Question

Can u put the two equations in slope intercept form

Answer 1

To answer this question, we need to rewrite both equations in the slope-intercept form of the line. To achieve this, we can proceed as follows:

1. We need to isolate the variable y in both equations. In the first equation, we need to subtract 3x from both sides of the equation:

`3x+2y=2\Rightarrow3x-3x+2y=2-3x\Rightarrow2y=2-3x`

And now, we need to divide both sides by 2 (to isolate the y variable):

`(2y)/(2)=(2)/(2)-(3x)/(2)\Rightarrow y=1-(3)/(2)x\Rightarrow y=-(3)/(2)x+1`

2. We can proceed in a similar way to find the slope-intercept form of the other line:

`2x-4y=12\Rightarrow2x-2x-4y=12-2x\Rightarrow-4y=12-2x`

Then, we have:

`-(4y)/(4)=(12)/(4)-(2)/(4)x\Rightarrow-y=3-(1)/(2)x\Rightarrow y=(1)/(2)x-3`

Then, we have both line equations in the slope-intercept form.

Now, to graph both equations, we can use the coordinates of the x- and y-intercepts of both lines:

3. The x-intercept is the point when y = 0. Likewise, the y-intercept is the point when x = 0. We need to evaluate the equation in both cases. Then, we have:

First Line

For y = 0:

`0=-(3)/(2)x+1\Rightarrow-1=-(3)/(2)x\Rightarrow1=(3)/(2)x\Rightarrow(2)/(3)\cdot1=(2)/(3)\cdot(3)/(2)x\Rightarrow(2)/(3)=x`

Then, we have the first coordinate: (2/3, 0).

For x = 0:

`y=-(3)/(2)x+1\Rightarrow y=-(3)/(2)(0)+1\Rightarrow y=1`

Then, the other coordinate for this point is (0, 1)

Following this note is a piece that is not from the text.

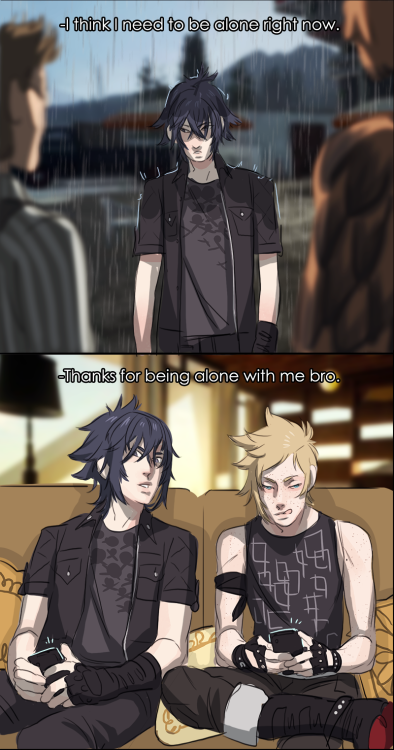 quesozombie:welp, here’s all of the noctis & prompto x...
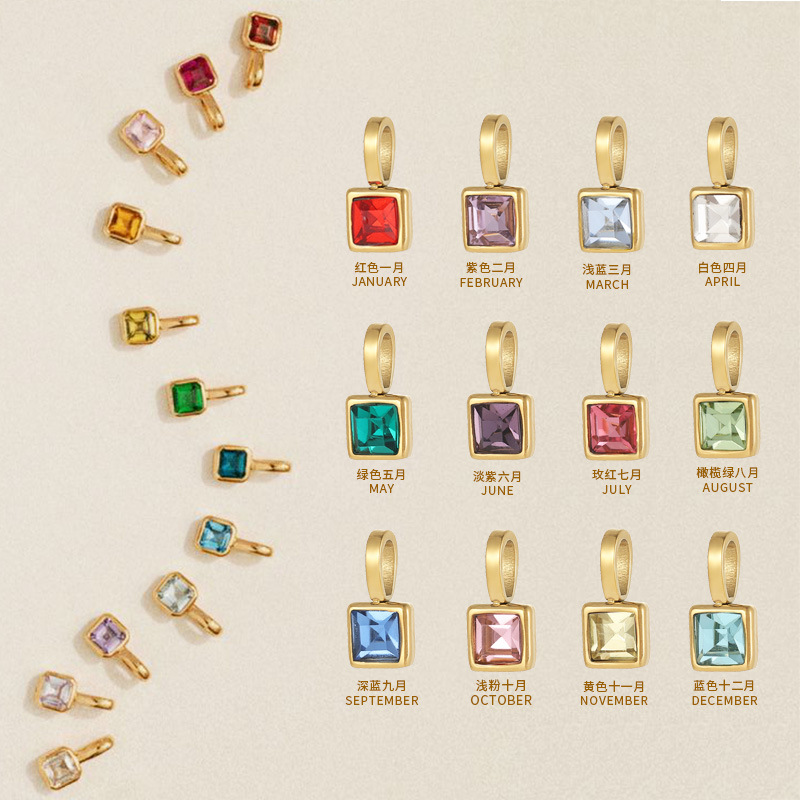 CARLIDANA Dainty Women Birthda - Charm Necklace Dainty review and price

To graph this line we can use these two points (0, 1) and (2/3, 0).

Second Line

We can proceed in a similar way to find these two coordinates for the second line:

For y = 0:

`y=(1)/(2)x-3\Rightarrow0=(1)/(2)x-3\Rightarrow3=(1)/(2)x\Rightarrow2.3=2\cdot(1)/(2)x\Rightarrow6=x\Rightarrow x=6`

The x-intercept is (6, 0).

For x = 0:

`y=(1)/(2)x-3\Rightarrow y=(1)/(2)\cdot(0)-3\Rightarrow y=-3`

The y-intercept is (0, -3).

To graph this line we can use these two points (0, -3) and (6, 0).

Therefore, the solution for this system of equations is x = 2, y = -2.